What you will do —
Exactly the lines from the start of the entries through the line with "VANDOREN SR243 - трость" are required in the output, with no pictures among them.

[Image-text web data]
::::::::
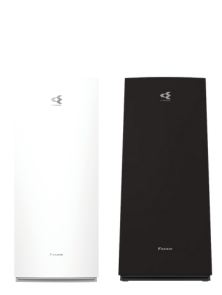 Daikin Streamer Air Purifier_MC80ZVM7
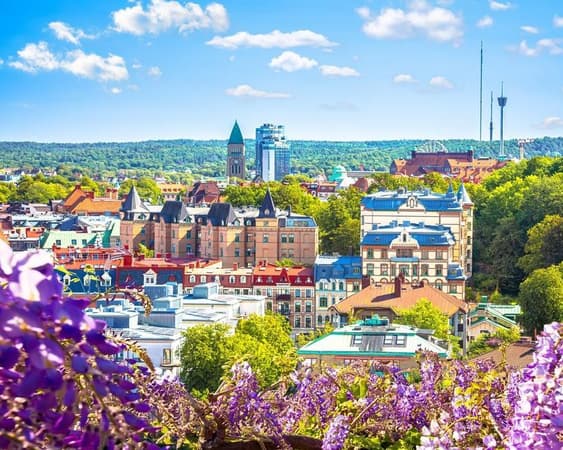 Gothenburg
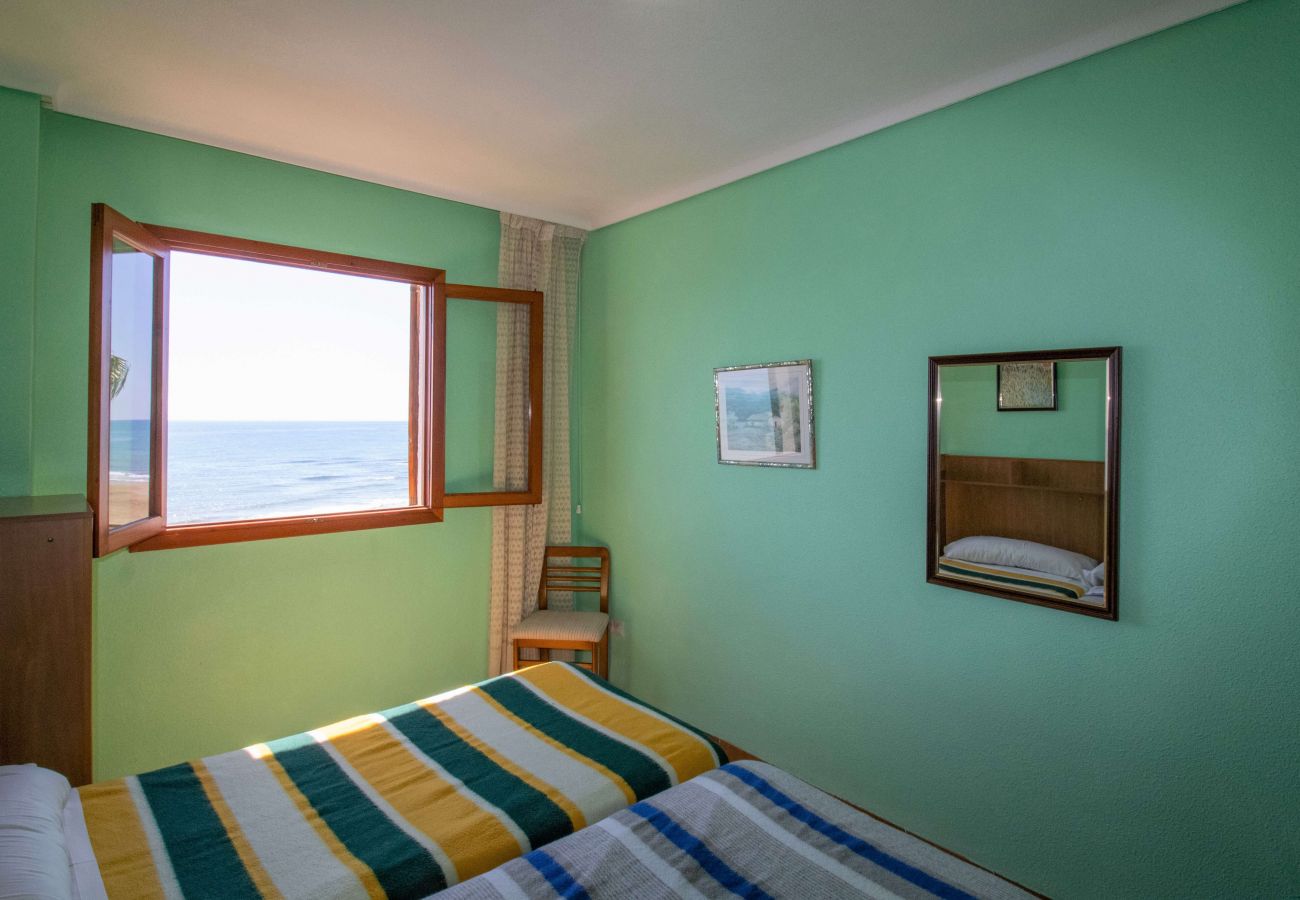 Apartamento en Alcoceber / Alcossebre - APARTAMENTO EN PRIMERA LÍNEA Playa Cargador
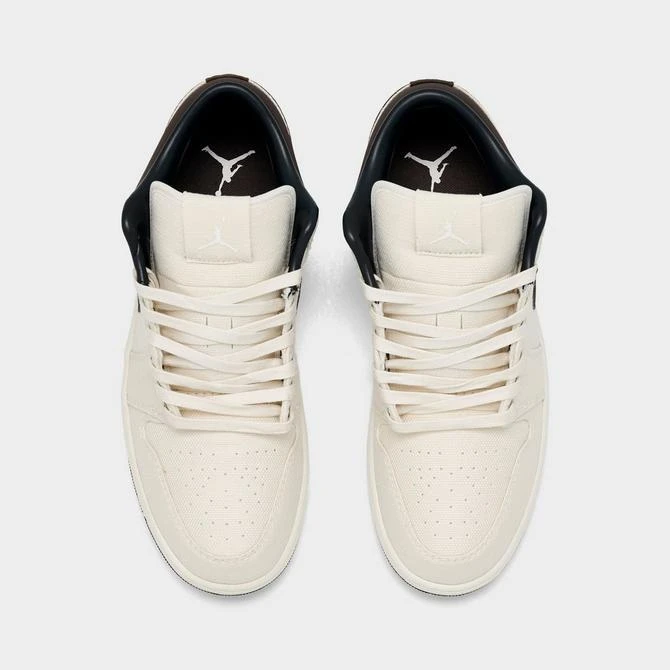 商品Jordan|Men's Air Jordan 1 Low Premium Casual Shoes,价格¥1000,第5张图片详细描述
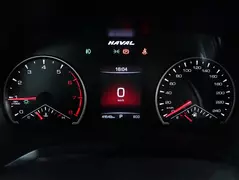 Haval F7, фото №16
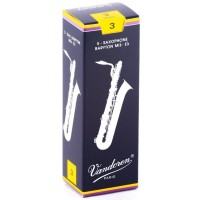 VANDOREN SR243 - трость для саксофона баритона № 3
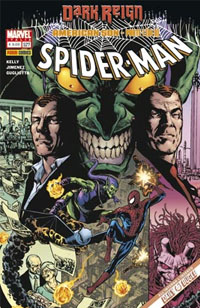 L'Uomo Ragno / Spider-Man # 527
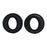 JZF-378 1Pair Earpads for Sony PlayStation 5 Wireless Pulse 3D Headphones Ear Pads Sheepskin Leather + Foam Cushions - 2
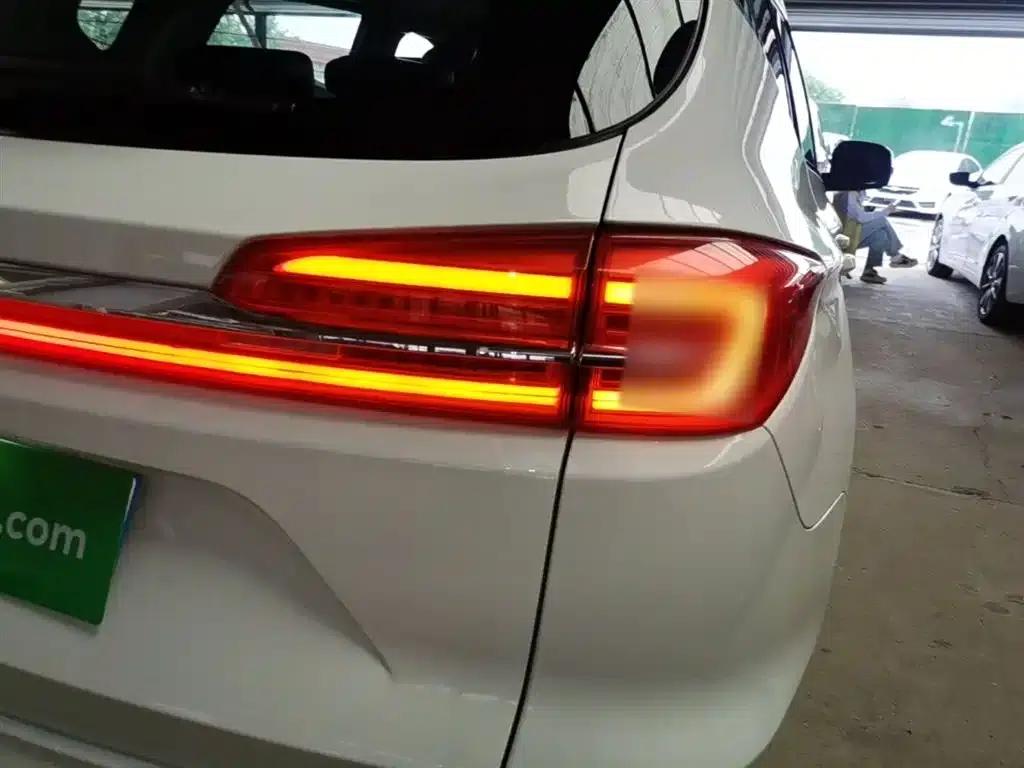 Song 2020 Classic Edition 1.5T Automatic Elite — миниатюра 8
::::::::
Response area —
 Daikin Streamer Air Purifier_MC80ZVM7
 Gothenburg
 Apartamento en Alcoceber / Alcossebre - APARTAMENTO EN PRIMERA LÍNEA Playa Cargador
 商品Jordan|Men's Air Jordan 1 Low Premium Casual Shoes,价格¥1000,第5张图片详细描述
 Haval F7, фото №16
 VANDOREN SR243 - трость для саксофона баритона № 3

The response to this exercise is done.